Potential harms of AI
The CMA has long had AI on its radar – and it continues to monitor AI developments through what the CMA terms its proactive market monitoring and horizon scanning capabilities. Its first economic working paper on the potential harms of AI in competition law was published in 2018, focusing on AI as a tool to further coordination between competitors.
The CMA built on its earlier studies through a further research paper on algorithms, published in 2021 and, most recently, through the Digital Regulation Co-operation Forum (DRCF) to produce a research paper on the benefits and harms of algorithms, last updated at the end of September 2022.
The CMA notes that while competition harms may not have the immediacy of health and safety risks or harm to the fundamental rights of natural persons associated with AI, they have the potential to have a diffuse impact across many people over a long period of time.
The CMA encourages more emphasis on long-term structural risks to competition as part of any regulatory framework and calls for such longer-term risks to be factored into any risk-based principles. The CMA highlights that such “structural” risks could arise through market power going unchecked, noting specifically:
- The potential for concentration of key inputs to AI supply chains, such as chips, data and computational resources; and
- The ability of powerful firms to act as quasi-regulators through implementation of rules and systems, including using AI.
Cross-sector collaboration
The CMA also emphasises the need for cross sector collaboration to balance issues such as competition and privacy and, unsurprisingly, regulatory powers to ensure effective (ex ante) intervention. The CMA highlights in particular that there may be a role for regulators to investigate and audit key AI systems, and that this is a project the Digital Regulation Cooperation Forum is already actively considering. The CMA also mentions the possibility of issuing guidance for certain priority sectors or functions such as comparison shopping, review and recommendation services.

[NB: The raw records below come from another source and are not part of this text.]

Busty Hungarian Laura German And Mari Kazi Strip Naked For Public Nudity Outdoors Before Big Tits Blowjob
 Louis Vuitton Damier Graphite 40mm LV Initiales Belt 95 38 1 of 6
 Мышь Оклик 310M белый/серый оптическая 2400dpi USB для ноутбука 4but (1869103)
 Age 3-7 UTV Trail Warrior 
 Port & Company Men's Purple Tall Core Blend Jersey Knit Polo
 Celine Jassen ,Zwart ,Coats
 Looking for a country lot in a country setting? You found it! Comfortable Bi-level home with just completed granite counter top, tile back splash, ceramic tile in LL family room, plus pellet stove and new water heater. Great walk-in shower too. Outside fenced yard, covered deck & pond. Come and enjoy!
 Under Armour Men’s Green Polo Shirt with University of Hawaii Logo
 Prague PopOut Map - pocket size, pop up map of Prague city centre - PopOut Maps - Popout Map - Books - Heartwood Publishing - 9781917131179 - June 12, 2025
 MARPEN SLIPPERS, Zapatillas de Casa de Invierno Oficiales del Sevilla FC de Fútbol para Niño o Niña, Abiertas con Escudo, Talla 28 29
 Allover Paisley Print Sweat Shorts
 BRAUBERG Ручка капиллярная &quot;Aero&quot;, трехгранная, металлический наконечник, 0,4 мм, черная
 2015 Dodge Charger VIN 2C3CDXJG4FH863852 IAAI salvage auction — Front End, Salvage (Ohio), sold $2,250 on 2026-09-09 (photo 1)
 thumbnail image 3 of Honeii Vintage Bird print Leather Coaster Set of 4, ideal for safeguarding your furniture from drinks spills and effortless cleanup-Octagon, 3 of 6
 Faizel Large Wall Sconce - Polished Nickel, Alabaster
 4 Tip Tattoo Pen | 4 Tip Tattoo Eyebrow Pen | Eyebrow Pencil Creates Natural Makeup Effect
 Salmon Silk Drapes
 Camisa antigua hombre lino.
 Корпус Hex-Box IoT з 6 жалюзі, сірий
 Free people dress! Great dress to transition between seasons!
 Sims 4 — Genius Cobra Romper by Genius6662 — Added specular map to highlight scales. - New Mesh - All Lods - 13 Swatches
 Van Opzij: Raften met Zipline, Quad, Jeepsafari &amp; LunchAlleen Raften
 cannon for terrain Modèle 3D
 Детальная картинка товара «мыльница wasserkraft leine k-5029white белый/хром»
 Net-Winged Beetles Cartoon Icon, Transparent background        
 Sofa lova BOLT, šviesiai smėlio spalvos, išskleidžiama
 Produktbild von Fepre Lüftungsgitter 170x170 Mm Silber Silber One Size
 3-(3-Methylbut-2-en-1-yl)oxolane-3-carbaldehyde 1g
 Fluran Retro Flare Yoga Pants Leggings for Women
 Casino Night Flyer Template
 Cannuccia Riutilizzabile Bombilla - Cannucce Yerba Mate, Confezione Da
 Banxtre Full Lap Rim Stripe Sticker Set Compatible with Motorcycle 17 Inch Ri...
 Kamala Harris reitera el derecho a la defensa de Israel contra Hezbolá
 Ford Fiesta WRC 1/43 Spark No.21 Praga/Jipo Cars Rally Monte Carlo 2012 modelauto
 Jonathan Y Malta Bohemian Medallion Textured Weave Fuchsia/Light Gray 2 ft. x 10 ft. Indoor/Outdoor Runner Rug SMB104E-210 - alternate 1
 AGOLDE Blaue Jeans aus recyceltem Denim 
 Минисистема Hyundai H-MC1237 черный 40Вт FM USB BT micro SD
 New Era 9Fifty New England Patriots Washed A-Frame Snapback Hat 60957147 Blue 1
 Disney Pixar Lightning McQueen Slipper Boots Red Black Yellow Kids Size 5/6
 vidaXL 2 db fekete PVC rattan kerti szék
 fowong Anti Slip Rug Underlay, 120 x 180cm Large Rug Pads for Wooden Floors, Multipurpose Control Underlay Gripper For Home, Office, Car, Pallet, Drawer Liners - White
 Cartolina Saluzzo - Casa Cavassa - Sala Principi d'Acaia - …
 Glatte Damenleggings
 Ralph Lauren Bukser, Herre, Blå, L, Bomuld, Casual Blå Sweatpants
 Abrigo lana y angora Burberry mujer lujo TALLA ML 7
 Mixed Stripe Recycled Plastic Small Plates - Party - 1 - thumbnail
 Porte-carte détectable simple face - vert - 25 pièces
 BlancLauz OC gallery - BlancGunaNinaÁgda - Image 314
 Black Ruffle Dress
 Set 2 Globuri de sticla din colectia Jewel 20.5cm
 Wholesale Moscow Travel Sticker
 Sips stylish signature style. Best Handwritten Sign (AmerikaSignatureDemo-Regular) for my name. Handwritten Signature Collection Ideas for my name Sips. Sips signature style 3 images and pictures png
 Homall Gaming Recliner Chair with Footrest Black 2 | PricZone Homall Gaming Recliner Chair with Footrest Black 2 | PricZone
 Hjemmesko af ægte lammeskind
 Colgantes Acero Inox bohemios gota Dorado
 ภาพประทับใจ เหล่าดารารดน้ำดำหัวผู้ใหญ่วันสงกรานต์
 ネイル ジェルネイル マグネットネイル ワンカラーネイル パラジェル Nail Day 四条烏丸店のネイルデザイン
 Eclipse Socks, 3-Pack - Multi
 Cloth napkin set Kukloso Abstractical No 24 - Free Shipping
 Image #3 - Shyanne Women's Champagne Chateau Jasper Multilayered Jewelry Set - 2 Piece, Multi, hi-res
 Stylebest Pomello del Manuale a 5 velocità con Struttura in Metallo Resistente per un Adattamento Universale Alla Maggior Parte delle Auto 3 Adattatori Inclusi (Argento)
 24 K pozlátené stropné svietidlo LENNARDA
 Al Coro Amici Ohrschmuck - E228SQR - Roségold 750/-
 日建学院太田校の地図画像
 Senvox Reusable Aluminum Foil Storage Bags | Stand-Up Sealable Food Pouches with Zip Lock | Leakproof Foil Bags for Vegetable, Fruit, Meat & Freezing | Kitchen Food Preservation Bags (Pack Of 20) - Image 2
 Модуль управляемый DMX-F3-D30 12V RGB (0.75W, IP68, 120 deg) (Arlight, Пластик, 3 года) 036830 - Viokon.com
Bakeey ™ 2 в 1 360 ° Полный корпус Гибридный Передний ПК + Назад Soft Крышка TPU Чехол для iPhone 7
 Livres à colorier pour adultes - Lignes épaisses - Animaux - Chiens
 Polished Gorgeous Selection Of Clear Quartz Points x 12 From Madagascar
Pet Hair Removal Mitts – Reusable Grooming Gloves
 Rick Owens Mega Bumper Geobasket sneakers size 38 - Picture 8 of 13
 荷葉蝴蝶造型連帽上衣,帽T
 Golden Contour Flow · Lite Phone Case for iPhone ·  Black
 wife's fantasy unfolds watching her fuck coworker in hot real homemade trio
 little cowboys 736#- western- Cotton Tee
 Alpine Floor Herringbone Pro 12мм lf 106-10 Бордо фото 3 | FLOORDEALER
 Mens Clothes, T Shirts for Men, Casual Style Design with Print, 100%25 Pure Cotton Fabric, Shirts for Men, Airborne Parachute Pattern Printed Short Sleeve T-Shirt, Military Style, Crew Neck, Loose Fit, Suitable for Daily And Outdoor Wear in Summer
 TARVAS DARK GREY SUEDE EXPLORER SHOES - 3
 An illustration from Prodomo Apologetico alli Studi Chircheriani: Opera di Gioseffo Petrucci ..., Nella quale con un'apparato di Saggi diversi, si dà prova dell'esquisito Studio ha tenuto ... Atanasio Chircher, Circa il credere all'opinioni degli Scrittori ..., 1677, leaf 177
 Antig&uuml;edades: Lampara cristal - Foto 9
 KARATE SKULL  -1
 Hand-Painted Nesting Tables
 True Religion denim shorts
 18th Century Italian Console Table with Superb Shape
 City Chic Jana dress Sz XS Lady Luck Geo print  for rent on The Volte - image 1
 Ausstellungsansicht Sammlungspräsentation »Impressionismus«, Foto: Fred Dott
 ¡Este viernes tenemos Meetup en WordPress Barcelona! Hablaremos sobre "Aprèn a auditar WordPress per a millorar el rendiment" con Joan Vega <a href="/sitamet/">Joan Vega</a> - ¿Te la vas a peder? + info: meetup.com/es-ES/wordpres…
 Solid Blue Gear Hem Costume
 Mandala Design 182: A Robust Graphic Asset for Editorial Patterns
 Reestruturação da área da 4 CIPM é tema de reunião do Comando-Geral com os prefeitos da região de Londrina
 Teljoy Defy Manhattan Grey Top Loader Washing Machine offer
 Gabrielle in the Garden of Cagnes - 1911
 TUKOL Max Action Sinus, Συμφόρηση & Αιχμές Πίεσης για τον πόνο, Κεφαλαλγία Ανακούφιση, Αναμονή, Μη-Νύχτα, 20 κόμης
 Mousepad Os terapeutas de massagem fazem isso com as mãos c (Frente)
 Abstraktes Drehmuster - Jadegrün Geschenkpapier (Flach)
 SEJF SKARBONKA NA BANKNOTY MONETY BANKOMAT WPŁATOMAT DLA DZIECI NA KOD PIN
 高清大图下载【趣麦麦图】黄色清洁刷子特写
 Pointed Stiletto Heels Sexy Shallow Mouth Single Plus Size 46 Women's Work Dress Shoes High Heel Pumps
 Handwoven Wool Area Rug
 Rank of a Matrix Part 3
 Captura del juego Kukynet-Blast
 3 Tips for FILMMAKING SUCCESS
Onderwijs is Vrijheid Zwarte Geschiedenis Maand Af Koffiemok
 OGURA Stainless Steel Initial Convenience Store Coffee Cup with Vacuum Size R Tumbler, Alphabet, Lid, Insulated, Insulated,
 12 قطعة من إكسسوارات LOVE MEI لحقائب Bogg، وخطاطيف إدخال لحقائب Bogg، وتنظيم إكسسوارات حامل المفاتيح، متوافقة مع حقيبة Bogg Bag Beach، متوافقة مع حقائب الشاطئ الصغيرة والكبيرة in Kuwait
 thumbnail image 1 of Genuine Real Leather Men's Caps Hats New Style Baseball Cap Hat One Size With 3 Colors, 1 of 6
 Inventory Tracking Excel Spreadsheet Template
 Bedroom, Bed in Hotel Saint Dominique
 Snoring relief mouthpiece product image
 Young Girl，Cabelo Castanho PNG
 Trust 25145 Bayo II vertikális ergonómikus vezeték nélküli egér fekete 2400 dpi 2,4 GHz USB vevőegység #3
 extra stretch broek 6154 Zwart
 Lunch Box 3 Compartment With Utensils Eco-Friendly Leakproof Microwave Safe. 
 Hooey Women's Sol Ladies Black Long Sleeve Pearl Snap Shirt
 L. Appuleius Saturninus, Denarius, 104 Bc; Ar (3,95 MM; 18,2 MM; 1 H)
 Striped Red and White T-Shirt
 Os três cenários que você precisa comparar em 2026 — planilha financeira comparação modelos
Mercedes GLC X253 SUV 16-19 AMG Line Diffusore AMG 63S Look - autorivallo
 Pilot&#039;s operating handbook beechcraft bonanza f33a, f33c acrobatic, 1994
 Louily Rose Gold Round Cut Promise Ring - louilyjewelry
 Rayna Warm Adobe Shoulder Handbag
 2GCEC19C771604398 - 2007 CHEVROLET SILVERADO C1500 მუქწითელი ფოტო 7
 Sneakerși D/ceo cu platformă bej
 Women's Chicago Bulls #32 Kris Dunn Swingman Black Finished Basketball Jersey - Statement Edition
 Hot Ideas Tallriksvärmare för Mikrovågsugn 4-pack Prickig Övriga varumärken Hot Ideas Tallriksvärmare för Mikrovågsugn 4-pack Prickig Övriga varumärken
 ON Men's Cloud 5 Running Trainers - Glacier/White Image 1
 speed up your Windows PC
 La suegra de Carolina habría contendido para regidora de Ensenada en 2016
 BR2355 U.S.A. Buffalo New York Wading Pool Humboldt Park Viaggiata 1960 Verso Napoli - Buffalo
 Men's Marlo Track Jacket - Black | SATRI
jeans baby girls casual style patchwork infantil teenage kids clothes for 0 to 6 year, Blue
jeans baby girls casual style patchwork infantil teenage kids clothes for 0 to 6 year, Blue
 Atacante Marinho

Unsurprisingly the CMA also takes the opportunity to remind DCMS of the importance of the proposed Strategic Market Status regime and of implementing the broader competition and consumer reforms considered as part of the “new pro-competition regime for digital markets”. The CMA highlights this would allow it to consider “targeted and evidence-based remedies relating to AI”.
AI a competition priority
The policy debate will continue, next through the DCMS white paper and consultation later in the year. But the CMA has clearly made AI a priority. Firms with some form of market power through AI or other algorithms – even if not dominant in any primary product or services markets – should be aware of the CMA’s focus on this area and the possibility of future regulatory intervention.